The RSVP Expanding the Field Prize is awarded annually for an outstanding essay that diversifies the existing geographic, racial, and ethnic composition of nineteenth-century periodical studies. Submissions for this prize should do at least one of the following:
- Deepen our understanding of BIPOC (Black, Indigenous, and People of Color) founders, editors, contributors, and readers of periodicals
- Interrogate Anglocentric perspectives
- Enact anti-racist or anti-colonial values
- Consider the cultural impact of the British Empire around the world
The annual awardee will receive $500 and publication of their article in Victorian Periodicals Review. A list of past awardees can be found below our submission guidelines.
Applications open May 1 and are due June 15.
Submission Guidelines
Essays should be approximately 4,000–7,500 words (or 15–25 pages), excluding notes and bibliography. Formatting should be double-spaced throughout with one-inch margins and a standard font such as Times New Roman, size 12. Please also note:
- Graduate students, independent scholars, and faculty of all ranks are eligible submit their work.
- Manuscripts should not be under submission elsewhere or previously published.
- Submissions should be emailed as an MS Word attachment.

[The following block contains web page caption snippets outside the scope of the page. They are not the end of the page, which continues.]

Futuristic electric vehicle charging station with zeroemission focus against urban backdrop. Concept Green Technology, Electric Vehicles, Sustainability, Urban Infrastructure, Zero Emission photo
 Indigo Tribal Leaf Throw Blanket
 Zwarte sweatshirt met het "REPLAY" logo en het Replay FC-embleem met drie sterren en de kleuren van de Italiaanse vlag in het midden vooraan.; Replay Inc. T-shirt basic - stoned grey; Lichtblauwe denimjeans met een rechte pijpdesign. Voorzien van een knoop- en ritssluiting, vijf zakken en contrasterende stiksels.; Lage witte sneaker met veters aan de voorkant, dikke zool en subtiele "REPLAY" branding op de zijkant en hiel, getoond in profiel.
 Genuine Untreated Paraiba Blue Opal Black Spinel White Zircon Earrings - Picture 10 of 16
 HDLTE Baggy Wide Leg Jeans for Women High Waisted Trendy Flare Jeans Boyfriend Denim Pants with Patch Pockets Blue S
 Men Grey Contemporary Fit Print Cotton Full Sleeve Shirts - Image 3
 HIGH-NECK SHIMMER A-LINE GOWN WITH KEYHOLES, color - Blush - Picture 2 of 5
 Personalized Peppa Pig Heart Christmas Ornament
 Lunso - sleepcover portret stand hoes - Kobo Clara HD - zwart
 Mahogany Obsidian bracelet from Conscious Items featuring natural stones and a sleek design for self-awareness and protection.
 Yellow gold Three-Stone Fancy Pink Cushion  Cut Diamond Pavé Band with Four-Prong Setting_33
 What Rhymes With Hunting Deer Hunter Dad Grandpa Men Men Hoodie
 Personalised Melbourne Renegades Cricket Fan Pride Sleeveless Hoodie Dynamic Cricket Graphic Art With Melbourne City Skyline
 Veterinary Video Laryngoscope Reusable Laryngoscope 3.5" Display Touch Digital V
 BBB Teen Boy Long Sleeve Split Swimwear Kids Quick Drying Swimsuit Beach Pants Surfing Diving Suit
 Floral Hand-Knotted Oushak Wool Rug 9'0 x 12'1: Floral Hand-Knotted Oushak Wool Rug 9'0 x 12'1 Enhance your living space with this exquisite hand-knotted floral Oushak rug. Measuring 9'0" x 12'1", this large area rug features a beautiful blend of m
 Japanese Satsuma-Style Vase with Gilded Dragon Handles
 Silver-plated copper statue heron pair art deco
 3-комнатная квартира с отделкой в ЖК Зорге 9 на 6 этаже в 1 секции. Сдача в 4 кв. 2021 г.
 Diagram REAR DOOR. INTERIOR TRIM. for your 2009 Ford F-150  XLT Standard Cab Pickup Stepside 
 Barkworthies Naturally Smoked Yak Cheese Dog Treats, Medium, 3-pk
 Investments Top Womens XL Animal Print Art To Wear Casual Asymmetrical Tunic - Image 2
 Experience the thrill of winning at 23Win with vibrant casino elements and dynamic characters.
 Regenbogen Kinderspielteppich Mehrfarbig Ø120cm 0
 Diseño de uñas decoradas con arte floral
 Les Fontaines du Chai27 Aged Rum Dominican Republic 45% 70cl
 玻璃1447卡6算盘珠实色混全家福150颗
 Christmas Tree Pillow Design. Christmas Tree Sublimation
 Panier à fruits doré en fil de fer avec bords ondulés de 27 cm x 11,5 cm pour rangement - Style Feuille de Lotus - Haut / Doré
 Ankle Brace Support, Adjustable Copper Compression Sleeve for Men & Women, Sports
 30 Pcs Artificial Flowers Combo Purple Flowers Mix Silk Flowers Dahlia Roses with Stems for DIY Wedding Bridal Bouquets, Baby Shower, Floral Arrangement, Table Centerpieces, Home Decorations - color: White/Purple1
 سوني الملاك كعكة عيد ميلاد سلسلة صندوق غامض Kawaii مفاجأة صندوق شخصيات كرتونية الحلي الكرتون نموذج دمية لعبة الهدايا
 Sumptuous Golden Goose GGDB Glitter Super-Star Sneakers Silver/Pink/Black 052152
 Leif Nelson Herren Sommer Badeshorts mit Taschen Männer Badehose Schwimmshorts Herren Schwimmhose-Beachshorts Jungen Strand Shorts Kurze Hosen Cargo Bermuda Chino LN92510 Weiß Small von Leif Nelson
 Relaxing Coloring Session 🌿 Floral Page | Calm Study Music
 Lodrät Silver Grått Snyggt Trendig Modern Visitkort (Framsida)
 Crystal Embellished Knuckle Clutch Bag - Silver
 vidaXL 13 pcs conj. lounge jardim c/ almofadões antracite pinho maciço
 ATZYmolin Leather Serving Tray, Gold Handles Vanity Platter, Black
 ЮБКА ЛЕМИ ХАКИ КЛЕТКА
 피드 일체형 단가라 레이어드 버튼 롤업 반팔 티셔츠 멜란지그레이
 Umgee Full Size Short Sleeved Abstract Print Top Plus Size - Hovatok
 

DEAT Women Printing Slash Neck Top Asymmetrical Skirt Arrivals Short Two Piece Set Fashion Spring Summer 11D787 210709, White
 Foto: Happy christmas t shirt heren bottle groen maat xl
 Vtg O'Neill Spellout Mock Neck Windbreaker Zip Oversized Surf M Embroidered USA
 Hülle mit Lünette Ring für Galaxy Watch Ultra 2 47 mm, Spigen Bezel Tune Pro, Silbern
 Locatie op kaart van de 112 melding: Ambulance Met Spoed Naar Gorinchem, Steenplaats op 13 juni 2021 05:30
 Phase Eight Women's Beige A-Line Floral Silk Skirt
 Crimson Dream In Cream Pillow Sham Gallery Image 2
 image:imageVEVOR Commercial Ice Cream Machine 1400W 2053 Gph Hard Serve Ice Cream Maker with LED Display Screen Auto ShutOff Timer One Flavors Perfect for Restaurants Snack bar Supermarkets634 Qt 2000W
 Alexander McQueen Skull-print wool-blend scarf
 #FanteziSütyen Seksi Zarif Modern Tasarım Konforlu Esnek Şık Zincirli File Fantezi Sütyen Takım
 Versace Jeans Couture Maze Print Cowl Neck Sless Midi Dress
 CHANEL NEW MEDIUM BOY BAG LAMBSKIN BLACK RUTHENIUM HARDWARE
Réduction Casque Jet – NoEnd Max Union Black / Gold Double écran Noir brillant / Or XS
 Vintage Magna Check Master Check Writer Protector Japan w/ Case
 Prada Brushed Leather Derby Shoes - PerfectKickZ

Please email submissions directly to the VPR editor, Dr. Katherine Malone.
Previous Awardees
Congratulations to our first-ever Expanding the Field Prize winner, Sourav Chatterjee (Columbia University), for his essay “Against Imitation: Anticolonial Caricatures in Basantak or the Bengali Punch.” The committee writes: “This essay contributes to periodical studies in precisely the way this prize seeks to reward. The scope of research and scholarship is impressive, as the author’s argument and methodology decenter whiteness and advocate for a complex understanding of periodicals in India beyond the Anglocentric periodicals more commonly studied.” Look for his essay in an upcoming issue of Victorian Periodicals Review!